The change substantially dilutes one of the bill’s most aggressive provisions. However, India remains directly exposed to the proposed measure because of its position as a major buyer of discounted Russian crude.

Russian oil became an increasingly important part of India’s energy imports after Western sanctions and restrictions reshaped global crude trade following the invasion of Ukraine. Indian refiners increased purchases as Russian barrels were offered at discounts, helping India manage import costs while Moscow redirected energy exports away from traditional European markets.

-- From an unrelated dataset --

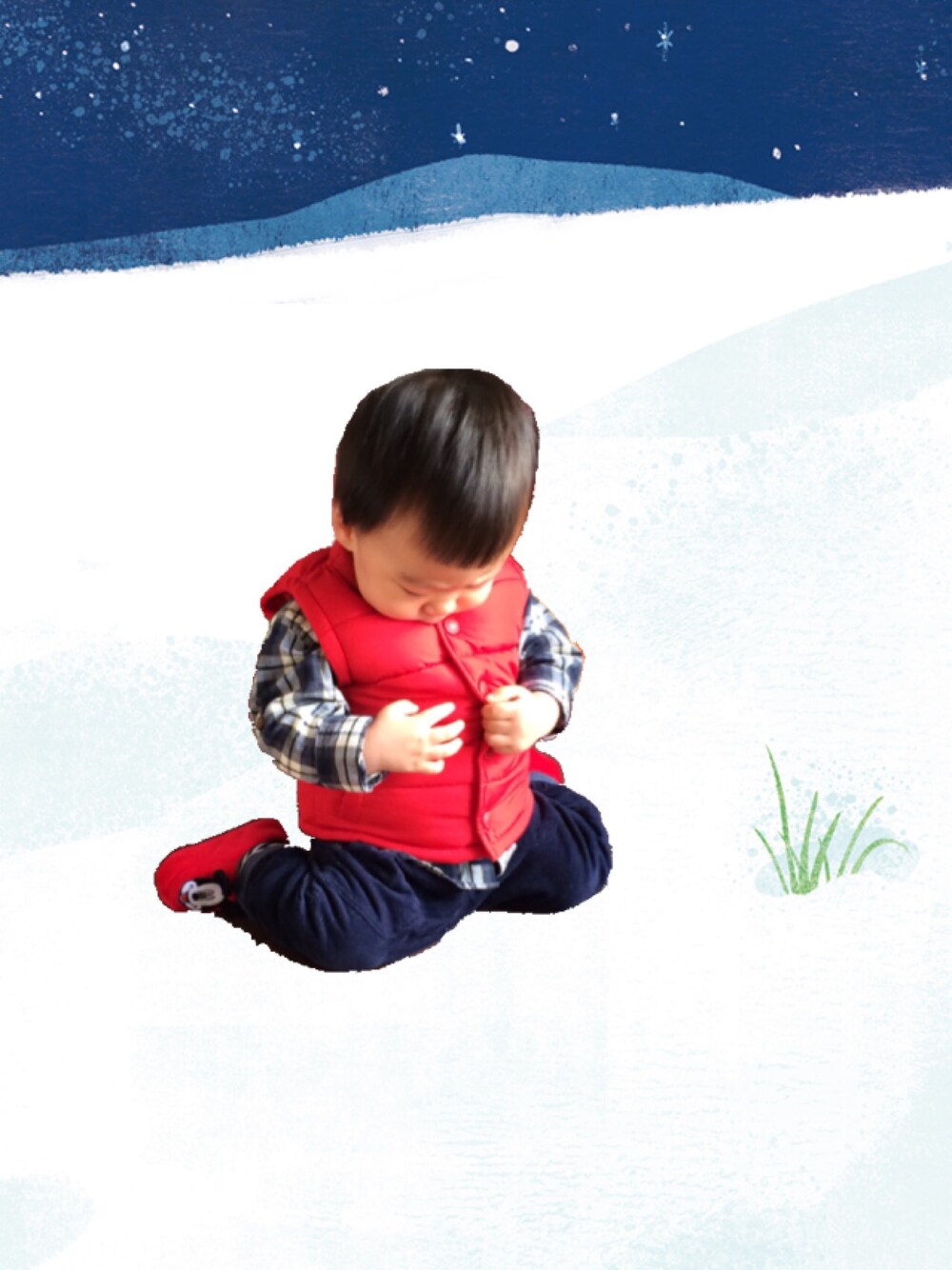 レッド系のダウンベスト、ブルー系のシャツ/ブラウス、ブルー系のその他パンツを着用したキッズの冬コーディネートの1枚目の写真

The revised legislation also introduces an exemption for countries importing less than 15% of Russia’s natural gas exports if they are taking substantial steps to reduce their dependence. The provision could benefit countries including Japan, France, Hungary and Belgium.

Beyond tariffs, the bill targets Russia’s so-called “shadow fleet” of oil tankers operating outside Western maritime services. It also proposes measures against Russian financial institutions, including the country’s central bank, and major state-backed energy projects such as Yamal LNG and Arctic LNG 1, 2 and 3.

The legislation gives US President Donald Trump the authority to waive sanctions if he determines that doing so is in the country’s national interest, adding executive flexibility to how the measures could eventually be applied.

The bill was first introduced in April 2025 and has bipartisan backing in the US Senate. Senate aides said the revised legislation currently has 26 co-sponsors, with further support expected.

For India, the reduction from 500% to 100% removes the most extreme version of the tariff threat but does not eliminate the pressure surrounding Russian oil purchases. If passed and enforced, the revised measure could still place energy security and trade with the US in direct tension.